Now that we’re past “[X company] now accepts Bitcoins,” the latest trend in annoying PR tactics is announcing that you’re in the “delivery via drone” business. The schlocky publicity ploy has struck sushi restaurants in London, burritos in California and most recently textbooks in Australia. But an Australian newspaper definitely did not use a drone to deliver this think piece about how absurd this ruse is.
Last week, Sydney-based textbook rental service Zookal announced that it would team up with a “startup drone courier” to plop its products into students’ faces. Guess ground delivery just doesn’t generate enough buzz for a thirsty company, hence promoting an idea with no chance of liftoff.
The Sydney Morning Herald thinks this idea is the dumbest, so it talked to Darren Turner, a professor who is studying not stupid ways of how drones can integrated. This is not one of them:
“The idea of sending one off into the unknown to go and fly over a suburban area and then land where you don’t know who is around or what is around … is just ridiculous,” he said.

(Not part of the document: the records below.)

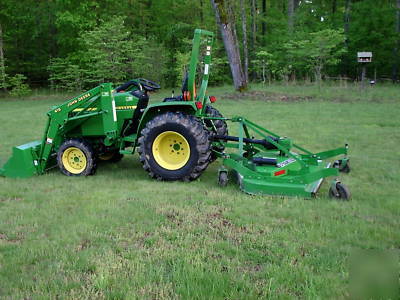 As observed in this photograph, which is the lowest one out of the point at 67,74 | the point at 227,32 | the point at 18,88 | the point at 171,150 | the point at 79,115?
the point at 171,150

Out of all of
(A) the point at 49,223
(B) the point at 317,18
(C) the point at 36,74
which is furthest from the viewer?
(B) the point at 317,18

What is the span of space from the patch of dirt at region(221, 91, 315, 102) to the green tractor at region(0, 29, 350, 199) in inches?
393

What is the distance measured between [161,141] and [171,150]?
205 millimetres

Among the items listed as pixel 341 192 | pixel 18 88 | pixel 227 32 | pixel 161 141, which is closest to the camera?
pixel 341 192

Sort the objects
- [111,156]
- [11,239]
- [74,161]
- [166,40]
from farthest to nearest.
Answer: [166,40] → [111,156] → [74,161] → [11,239]

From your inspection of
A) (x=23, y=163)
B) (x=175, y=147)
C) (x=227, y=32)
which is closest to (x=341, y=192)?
(x=175, y=147)

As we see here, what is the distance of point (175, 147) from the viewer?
589cm

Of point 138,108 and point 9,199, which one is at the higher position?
point 138,108

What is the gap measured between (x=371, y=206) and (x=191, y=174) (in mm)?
2393

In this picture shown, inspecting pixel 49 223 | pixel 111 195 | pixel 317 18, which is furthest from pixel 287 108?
pixel 317 18

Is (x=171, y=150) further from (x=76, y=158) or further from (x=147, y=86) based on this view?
(x=76, y=158)

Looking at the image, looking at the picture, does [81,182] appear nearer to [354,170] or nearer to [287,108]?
[354,170]

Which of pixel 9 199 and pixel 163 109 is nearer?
pixel 9 199

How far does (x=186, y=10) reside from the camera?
2995cm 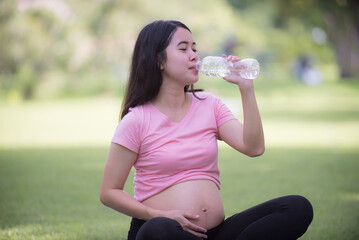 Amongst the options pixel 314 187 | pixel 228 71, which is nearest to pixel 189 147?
pixel 228 71

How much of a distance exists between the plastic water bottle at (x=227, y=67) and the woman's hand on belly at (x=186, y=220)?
0.74 meters

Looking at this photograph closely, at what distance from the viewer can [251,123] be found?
270 centimetres

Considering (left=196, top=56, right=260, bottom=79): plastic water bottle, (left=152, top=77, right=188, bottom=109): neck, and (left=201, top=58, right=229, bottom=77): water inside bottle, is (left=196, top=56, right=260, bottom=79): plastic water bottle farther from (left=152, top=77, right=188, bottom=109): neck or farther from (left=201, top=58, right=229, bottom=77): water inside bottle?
(left=152, top=77, right=188, bottom=109): neck

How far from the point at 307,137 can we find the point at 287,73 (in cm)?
2227

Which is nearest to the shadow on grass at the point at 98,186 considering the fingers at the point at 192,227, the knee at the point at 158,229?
the fingers at the point at 192,227

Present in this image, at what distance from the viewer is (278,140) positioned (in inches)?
393

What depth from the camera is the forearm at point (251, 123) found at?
2674 mm

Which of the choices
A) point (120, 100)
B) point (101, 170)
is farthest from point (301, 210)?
point (120, 100)

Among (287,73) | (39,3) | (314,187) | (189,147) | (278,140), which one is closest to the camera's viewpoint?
(189,147)

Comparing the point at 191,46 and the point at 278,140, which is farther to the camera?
the point at 278,140

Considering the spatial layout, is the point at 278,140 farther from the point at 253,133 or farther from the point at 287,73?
the point at 287,73

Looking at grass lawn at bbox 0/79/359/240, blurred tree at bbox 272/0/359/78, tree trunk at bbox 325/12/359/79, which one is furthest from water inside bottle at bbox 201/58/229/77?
tree trunk at bbox 325/12/359/79

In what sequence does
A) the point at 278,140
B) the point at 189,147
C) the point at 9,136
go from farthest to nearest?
the point at 9,136 < the point at 278,140 < the point at 189,147

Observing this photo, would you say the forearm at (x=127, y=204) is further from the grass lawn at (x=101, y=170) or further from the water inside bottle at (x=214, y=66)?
the grass lawn at (x=101, y=170) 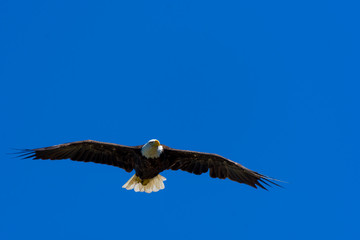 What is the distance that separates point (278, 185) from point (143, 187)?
3.54 m

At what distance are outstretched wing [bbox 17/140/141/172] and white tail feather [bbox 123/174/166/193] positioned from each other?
2.89ft

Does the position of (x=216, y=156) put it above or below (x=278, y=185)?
above

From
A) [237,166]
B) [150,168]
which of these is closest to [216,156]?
[237,166]

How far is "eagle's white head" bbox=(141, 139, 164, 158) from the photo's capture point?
33.6 ft

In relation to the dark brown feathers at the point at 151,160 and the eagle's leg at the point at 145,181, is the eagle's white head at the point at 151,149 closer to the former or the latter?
the dark brown feathers at the point at 151,160

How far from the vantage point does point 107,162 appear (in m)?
10.7

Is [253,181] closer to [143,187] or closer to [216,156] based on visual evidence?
[216,156]

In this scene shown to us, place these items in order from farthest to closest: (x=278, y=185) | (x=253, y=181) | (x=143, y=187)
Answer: (x=143, y=187)
(x=253, y=181)
(x=278, y=185)

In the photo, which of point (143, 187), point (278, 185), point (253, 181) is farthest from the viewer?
point (143, 187)

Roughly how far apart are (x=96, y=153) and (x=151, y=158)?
4.45ft

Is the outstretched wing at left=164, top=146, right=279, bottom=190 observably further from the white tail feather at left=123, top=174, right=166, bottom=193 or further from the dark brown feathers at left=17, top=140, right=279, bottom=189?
the white tail feather at left=123, top=174, right=166, bottom=193

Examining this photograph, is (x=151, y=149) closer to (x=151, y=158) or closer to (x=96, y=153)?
(x=151, y=158)

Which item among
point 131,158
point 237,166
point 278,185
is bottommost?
point 278,185

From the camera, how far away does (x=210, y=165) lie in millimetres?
10656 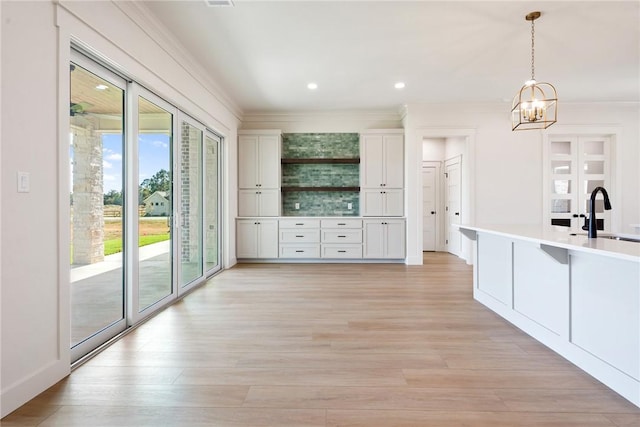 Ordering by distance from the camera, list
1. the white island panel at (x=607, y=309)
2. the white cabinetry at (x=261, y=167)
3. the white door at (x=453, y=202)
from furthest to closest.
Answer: the white door at (x=453, y=202) → the white cabinetry at (x=261, y=167) → the white island panel at (x=607, y=309)

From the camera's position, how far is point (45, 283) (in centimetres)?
191

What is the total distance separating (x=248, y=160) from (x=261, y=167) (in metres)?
0.27

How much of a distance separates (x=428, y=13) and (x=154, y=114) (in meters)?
2.79

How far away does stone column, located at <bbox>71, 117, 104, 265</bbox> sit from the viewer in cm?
238

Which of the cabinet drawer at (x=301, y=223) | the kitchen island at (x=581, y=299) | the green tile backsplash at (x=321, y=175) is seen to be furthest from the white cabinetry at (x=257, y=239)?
the kitchen island at (x=581, y=299)

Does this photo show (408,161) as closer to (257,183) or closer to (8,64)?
(257,183)

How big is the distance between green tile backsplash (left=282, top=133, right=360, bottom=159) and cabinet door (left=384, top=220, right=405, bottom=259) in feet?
5.06

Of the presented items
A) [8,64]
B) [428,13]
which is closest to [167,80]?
[8,64]

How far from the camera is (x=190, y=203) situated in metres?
4.24

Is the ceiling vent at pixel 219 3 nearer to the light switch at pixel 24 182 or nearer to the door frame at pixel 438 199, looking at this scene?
the light switch at pixel 24 182

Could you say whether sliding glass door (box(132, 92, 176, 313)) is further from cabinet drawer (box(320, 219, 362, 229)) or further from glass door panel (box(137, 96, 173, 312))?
cabinet drawer (box(320, 219, 362, 229))

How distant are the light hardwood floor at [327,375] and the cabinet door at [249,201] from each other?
9.60 ft

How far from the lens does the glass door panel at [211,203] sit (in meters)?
4.85

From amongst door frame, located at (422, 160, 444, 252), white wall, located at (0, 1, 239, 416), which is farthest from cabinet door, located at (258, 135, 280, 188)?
white wall, located at (0, 1, 239, 416)
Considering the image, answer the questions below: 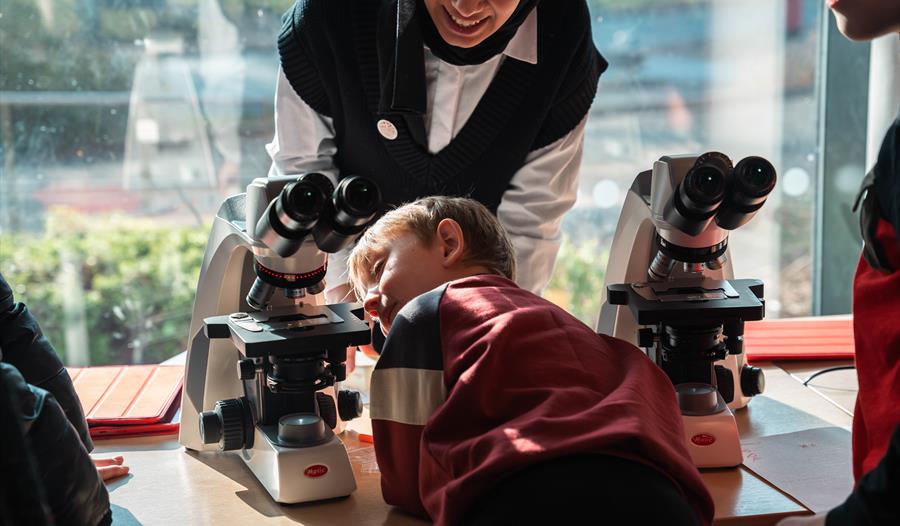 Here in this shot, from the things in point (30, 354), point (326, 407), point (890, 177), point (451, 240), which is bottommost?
point (326, 407)

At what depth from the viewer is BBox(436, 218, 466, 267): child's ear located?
1.61 metres

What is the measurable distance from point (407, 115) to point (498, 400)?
862 millimetres

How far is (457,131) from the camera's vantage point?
204 centimetres

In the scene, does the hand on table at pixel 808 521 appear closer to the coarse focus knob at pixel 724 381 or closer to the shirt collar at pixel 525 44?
the coarse focus knob at pixel 724 381

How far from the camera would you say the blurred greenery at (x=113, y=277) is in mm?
3588

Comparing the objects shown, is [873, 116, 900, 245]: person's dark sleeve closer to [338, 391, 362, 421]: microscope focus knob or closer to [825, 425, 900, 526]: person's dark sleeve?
[825, 425, 900, 526]: person's dark sleeve

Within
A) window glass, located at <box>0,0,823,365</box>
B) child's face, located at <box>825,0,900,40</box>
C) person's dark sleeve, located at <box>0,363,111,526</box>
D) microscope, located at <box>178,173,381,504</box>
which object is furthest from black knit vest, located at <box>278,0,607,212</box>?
window glass, located at <box>0,0,823,365</box>

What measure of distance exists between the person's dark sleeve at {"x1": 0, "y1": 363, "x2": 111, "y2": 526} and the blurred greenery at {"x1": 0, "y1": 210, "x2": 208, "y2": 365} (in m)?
2.51

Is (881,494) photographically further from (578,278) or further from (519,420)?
(578,278)

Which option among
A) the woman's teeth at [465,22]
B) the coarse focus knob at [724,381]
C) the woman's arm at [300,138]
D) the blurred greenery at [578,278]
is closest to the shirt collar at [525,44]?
the woman's teeth at [465,22]

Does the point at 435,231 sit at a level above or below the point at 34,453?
above

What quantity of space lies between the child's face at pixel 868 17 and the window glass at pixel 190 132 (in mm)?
2320

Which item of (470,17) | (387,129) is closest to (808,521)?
(470,17)

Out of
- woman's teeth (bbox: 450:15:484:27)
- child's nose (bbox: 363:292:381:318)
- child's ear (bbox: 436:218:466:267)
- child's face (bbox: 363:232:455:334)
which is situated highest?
woman's teeth (bbox: 450:15:484:27) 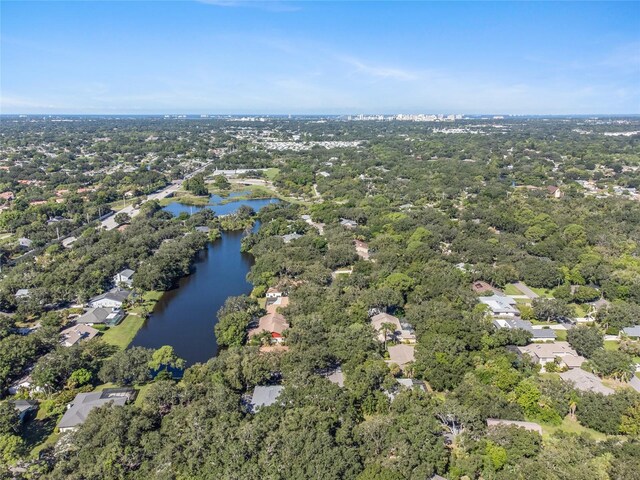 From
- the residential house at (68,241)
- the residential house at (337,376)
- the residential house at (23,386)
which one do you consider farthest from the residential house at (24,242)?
the residential house at (337,376)

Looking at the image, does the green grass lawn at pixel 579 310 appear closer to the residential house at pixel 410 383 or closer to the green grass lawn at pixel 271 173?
the residential house at pixel 410 383

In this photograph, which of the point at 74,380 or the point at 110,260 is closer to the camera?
the point at 74,380

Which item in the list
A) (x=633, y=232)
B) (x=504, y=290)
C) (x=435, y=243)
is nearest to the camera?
(x=504, y=290)

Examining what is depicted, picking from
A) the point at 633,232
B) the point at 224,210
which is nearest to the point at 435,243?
the point at 633,232

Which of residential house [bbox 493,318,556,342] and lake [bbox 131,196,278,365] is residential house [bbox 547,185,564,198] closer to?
residential house [bbox 493,318,556,342]

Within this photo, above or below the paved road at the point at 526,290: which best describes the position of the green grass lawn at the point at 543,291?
below

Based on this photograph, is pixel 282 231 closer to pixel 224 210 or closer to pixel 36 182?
→ pixel 224 210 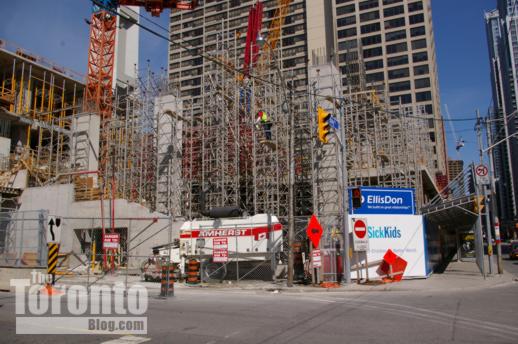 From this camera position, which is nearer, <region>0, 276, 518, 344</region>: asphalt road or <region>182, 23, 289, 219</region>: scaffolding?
<region>0, 276, 518, 344</region>: asphalt road

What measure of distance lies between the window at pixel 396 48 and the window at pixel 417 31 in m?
2.58

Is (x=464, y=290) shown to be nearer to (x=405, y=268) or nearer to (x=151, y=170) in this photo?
(x=405, y=268)

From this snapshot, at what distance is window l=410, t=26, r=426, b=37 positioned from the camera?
298 ft

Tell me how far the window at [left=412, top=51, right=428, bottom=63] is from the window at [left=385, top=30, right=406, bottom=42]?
16.0 feet

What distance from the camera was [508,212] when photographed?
136 metres

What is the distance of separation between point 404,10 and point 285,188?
238 ft

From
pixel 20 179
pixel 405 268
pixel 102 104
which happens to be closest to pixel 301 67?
pixel 102 104

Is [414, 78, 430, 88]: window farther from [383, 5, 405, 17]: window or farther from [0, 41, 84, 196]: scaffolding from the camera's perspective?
[0, 41, 84, 196]: scaffolding

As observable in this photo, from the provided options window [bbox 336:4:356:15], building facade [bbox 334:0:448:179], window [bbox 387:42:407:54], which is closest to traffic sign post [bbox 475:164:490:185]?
building facade [bbox 334:0:448:179]

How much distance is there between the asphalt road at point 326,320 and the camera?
8.34 m

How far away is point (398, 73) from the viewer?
92500 millimetres

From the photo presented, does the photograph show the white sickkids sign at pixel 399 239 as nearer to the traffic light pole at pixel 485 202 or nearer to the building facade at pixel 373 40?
the traffic light pole at pixel 485 202

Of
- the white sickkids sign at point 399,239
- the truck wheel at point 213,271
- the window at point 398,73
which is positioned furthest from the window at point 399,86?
the truck wheel at point 213,271

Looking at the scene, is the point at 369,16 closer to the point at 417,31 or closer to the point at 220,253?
the point at 417,31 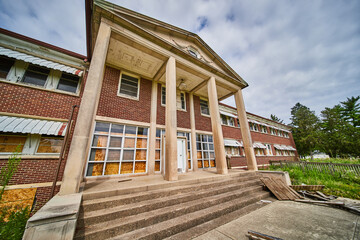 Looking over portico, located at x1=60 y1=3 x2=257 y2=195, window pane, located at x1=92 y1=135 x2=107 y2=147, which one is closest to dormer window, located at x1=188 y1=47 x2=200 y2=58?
portico, located at x1=60 y1=3 x2=257 y2=195

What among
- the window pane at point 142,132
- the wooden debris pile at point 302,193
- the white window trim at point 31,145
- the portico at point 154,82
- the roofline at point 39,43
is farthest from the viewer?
the window pane at point 142,132

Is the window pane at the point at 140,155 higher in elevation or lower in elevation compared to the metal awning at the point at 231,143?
lower

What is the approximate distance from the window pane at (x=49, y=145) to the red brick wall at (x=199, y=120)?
8.04 m

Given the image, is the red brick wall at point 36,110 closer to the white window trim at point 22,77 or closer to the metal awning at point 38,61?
the white window trim at point 22,77

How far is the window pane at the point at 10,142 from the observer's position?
4641 mm

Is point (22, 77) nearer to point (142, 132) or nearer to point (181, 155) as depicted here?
point (142, 132)

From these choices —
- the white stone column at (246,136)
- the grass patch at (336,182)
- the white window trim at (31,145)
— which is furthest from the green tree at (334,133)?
the white window trim at (31,145)

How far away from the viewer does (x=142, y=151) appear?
23.4 ft

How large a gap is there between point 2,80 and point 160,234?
27.2 feet

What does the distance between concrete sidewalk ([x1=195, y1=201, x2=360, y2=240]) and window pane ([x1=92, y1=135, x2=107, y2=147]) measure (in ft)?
19.1

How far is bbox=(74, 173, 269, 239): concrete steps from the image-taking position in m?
2.45

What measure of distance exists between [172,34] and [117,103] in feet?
17.1

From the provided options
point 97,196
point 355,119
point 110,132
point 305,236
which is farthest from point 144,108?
point 355,119

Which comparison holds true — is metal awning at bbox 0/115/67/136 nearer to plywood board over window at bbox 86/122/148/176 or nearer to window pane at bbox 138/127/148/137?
plywood board over window at bbox 86/122/148/176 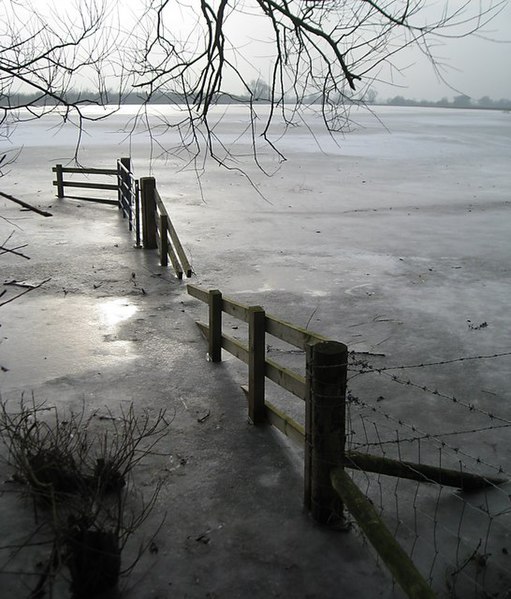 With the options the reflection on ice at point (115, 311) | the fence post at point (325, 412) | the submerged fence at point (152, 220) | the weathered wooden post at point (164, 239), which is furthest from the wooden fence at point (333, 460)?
the weathered wooden post at point (164, 239)

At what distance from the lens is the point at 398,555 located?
2963mm

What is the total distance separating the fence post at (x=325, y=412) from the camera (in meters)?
3.79

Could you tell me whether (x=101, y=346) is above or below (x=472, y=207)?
below

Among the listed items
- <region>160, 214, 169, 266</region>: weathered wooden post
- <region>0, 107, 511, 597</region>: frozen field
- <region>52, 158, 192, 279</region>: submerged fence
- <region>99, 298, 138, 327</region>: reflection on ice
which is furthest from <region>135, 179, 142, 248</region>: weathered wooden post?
<region>99, 298, 138, 327</region>: reflection on ice

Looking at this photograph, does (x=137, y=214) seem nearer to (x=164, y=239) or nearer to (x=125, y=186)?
(x=164, y=239)

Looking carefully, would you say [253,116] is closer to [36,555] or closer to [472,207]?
[36,555]

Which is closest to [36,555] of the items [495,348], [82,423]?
[82,423]

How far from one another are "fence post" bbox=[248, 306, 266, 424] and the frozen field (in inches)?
20.1

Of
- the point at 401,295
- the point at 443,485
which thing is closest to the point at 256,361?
the point at 443,485

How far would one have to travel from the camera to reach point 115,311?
8.94m

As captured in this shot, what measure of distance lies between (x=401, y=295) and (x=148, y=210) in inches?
212

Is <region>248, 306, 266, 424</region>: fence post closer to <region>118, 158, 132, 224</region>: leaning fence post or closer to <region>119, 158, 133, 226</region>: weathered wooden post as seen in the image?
<region>119, 158, 133, 226</region>: weathered wooden post

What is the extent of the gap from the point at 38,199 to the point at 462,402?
15.7 metres

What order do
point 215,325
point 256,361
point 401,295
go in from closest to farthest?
point 256,361
point 215,325
point 401,295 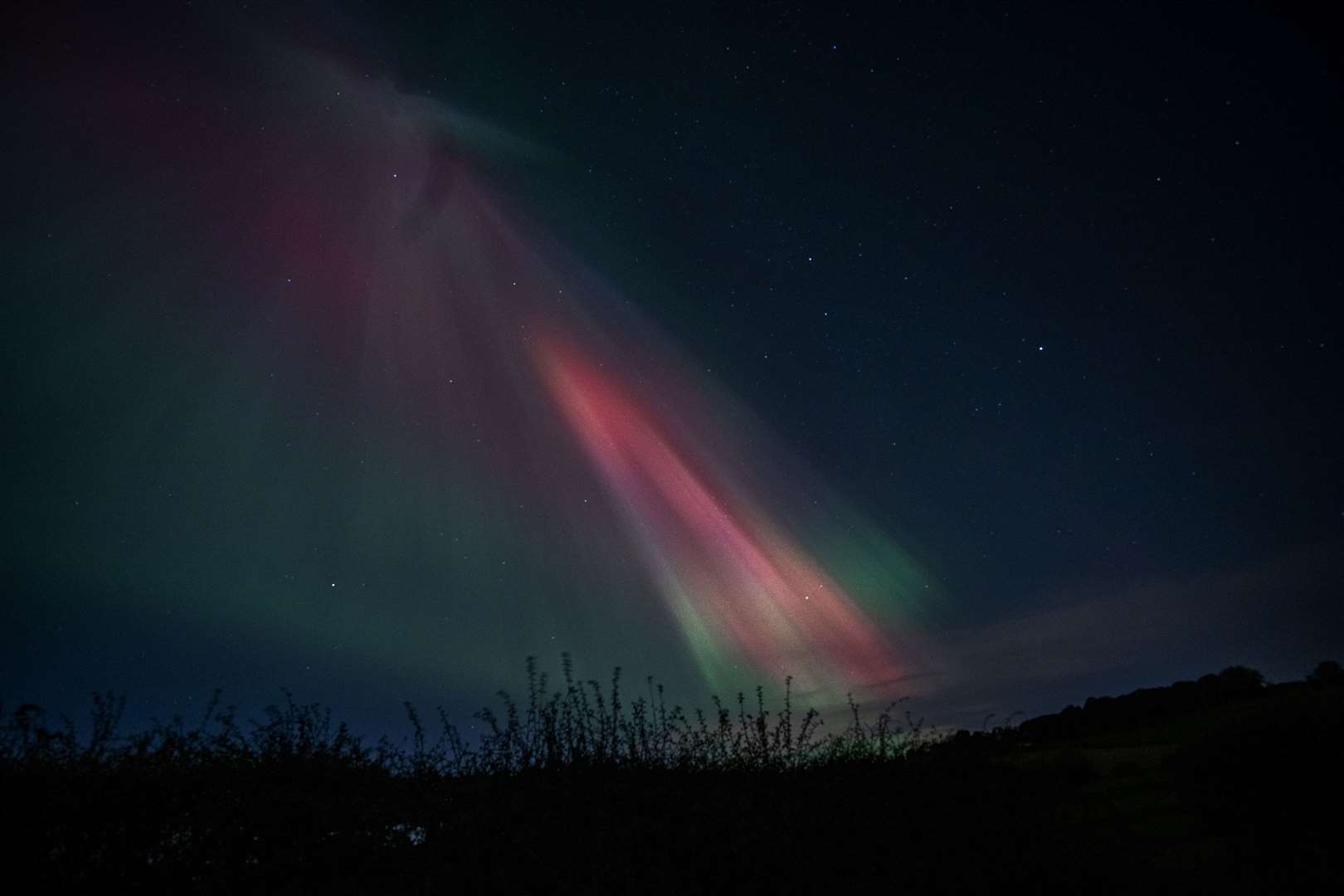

The drones can’t operate autonomously like the textbook company claims because the vehicle’s pilot needs to maintain eye sight with it all times and it can’t operate in populated areas, which is a problem on college campuses.
The conventional wisdom is that CASA, Oz’s version of the FAA, is “very unlikely” to approve it because safety reasons and that it breaches countless laws. And since the startup most likely didn’t think of the legalities as much as they did on the press release touting the idea, it “actually wouldn’t work anyway.” Turns out, it’s cheaper and easier just to hand a person a textbook.